Cosa racconta questo fenomeno? Che il partito del capo è stato interpretato, da parte di larghe fette dei rappresentanti parlamentari, come taxi da prendere in varie direzioni con il solo obiettivo della convenienza personale. Per dirla in termini più tranchant, il potere concentrato al vertice non ha tenuto lungo tutta la filiera del partito.

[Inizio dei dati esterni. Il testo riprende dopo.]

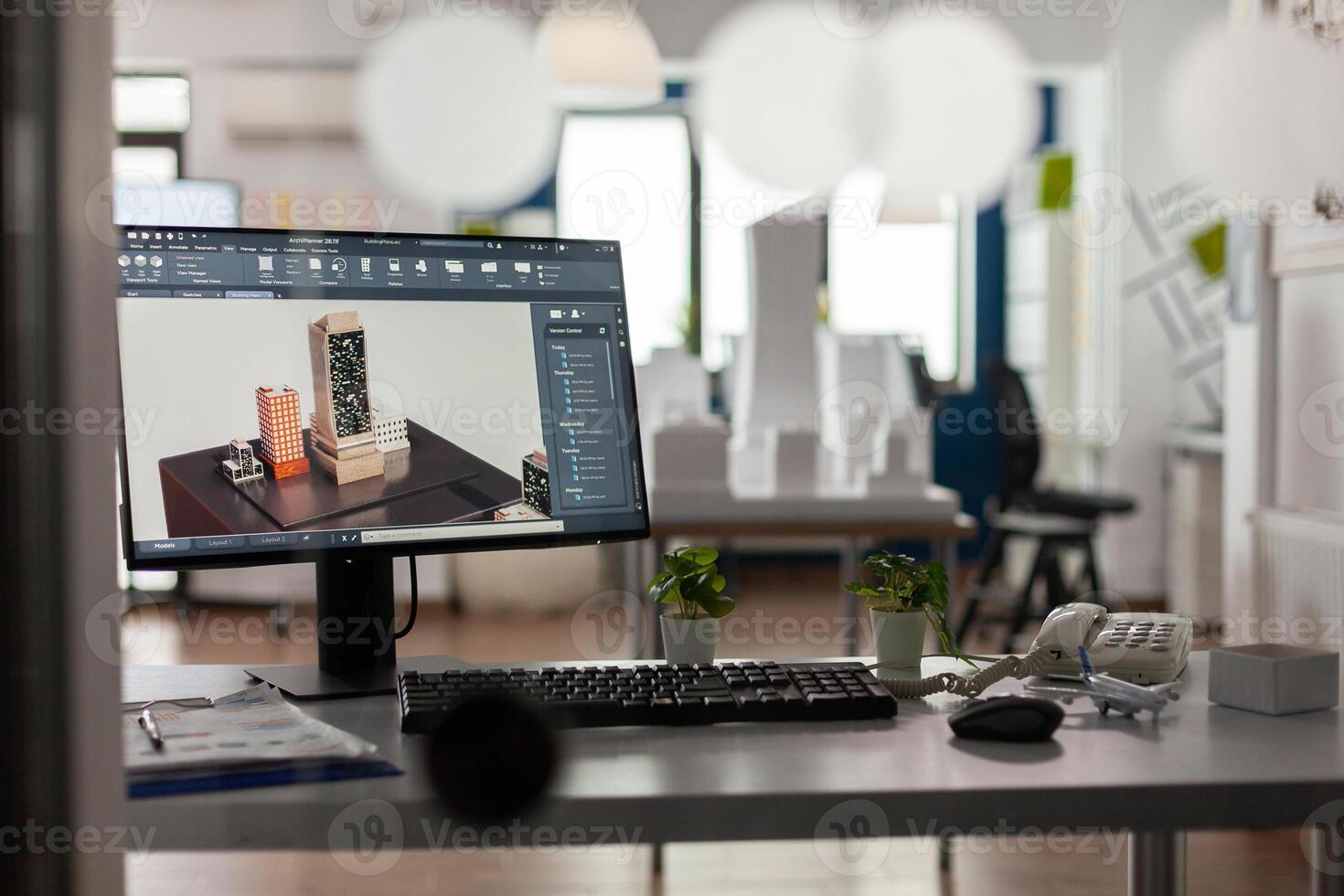 Closeup of modern architect desk with workstation showing 3d blueprints of architectural building complex. Desktop screen showing model of urban planning architecture construction plan. photo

I partiti (con variegate sfumature) si sono ormai caratterizzati come mera aggregazione di correnti (o meglio, gruppi di potere), comitati elettorali e comunità mediatiche. La crisi interna, resa evidente dal Mattarella bis, si specchia in quella esterna. Le ultime elezioni amministrative hanno fotografato il peso dell’astensionismo: un italiano su due ha rinunciato al voto. Più che un segnale di disaffezione è un messaggio di rifiuto della politica. Con mezzo elettorato che sceglie l’inattività si può ancora riconoscere ai partiti il ruolo di mediazione tra società e istituzioni? La credibilità e l’efficacia di strumento di promozione della partecipazione e raccolta del consenso dei cittadini? Il tema è aperto. Da affrontare come?

I vagiti riformatori.

Nelle ore immediatamente successive all’elezioni di Mattarella, i partiti (oltre a regolare i conti al loro interno) hanno iniziato a parlare di riforma della legge elettorale in cerca di un sistema che garantisca coesioni e limiti a frammentazioni e micro-partitini ma soprattutto che offra spazio di rappresentanza a forze ed aggregazioni che hanno vissuto come una camicia di forza il (cattivo) maggioritario dell’attuale sistema elettorale.

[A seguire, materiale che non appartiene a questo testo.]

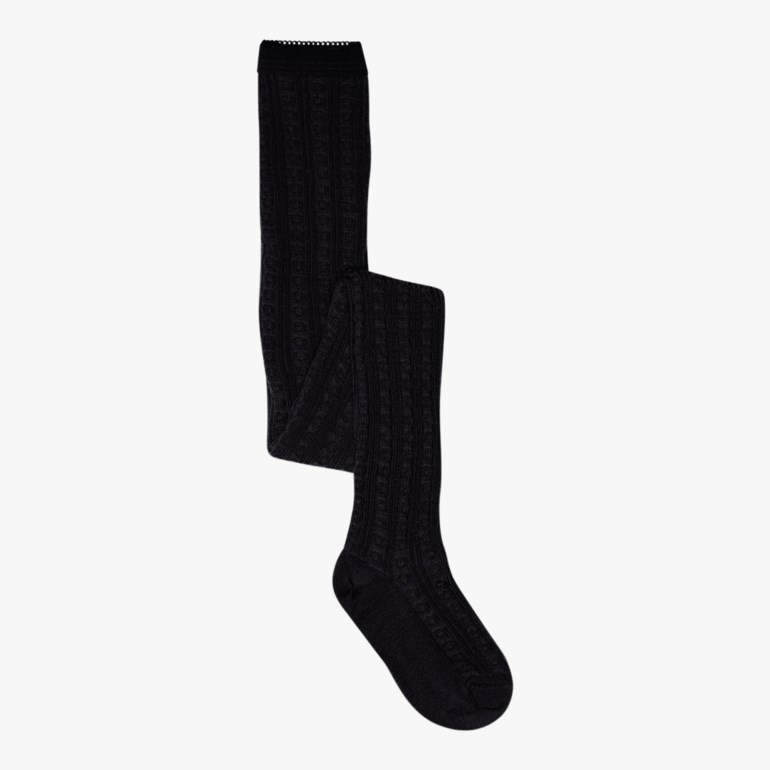 Svarte kabelstrikkede strømpebukser med elastisk linning og fotpartier, brettet.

La geografia politica disegnata dalla vicenda Quirinale ha ridato forza al disegno di una grande aggregazione centrista (da Forza Italia ad Italia Viva, oltre a più piccole ma influenti formazioni) che il proporzionale potrebbe rendere effettivo. Con effetti tutti da misurare sull’attuale configurazione delle coalizioni. La legge elettorale non potrà tuttavia essere il toccasana dei mali che affliggono i partiti.

In discussione non è l’algebra politica ma il ruolo, forse persino il senso dei partiti stessi come infrastruttura della democrazia. Non è tempo di fusioni a freddo e matrimoni di convenienza. E’ tempo di riflettere e trovare risposte alla crisi della democrazia che possono scaturire da analisi non contingenti ma ancorate a visioni culturali in grado di leggere il presente ed orientarlo. Ci sarà il tempo giusto per affrontare questo impegno? O il calcolo pre-elettorale (nel 2023 si voterà per rinnovare il Parlamento per di più dimezzato nei numeri) metterà la sordina a urgenze di analisi e coerenza di una legge elettorale davvero utile?

L’àncora del “semipresidenzialismo di fatto”.

Nutrire dubbi è lecito. Troppa retorica riformista è inutilmente scivolata nella discussione pubblica non andando oltre qualche titolo di giornale. Da ultimo quella sorta di mantra che con l’avvento del governo-Draghi abbiamo sentito annunciare da prestigiosi ed ascoltati editorialisti e opinion maker: Draghi spingerà i partiti a riformare sé stessi. Non era vero e non lo sarebbe potuto essere. Il Mattarella bis sta lì a confermarlo. Il compito è però urgente ed andrà subito ripreso. Il contesto non sarà agevole. Ciascun partito è auspicabile si sieda con voce unica al tavolo delle riforme. Al momento prevale la dodecafonia. Uno scatto di responsabilità sarebbe più che necessario.

Nel frattempo il sistema politico beneficerà di un altro anno sotto l’imprinting dell’asse istituzionale Draghi-Mattarella. Senza formale riforma, la politica italiana si muoverà nella prassi del “semi-presidenzialismo di fatto” che come accaduto sino ad oggi potrà continuare a garantire quella stabilità necessaria in relazione a questioni rilevanti per la ripresa del Paese come il Pnrr.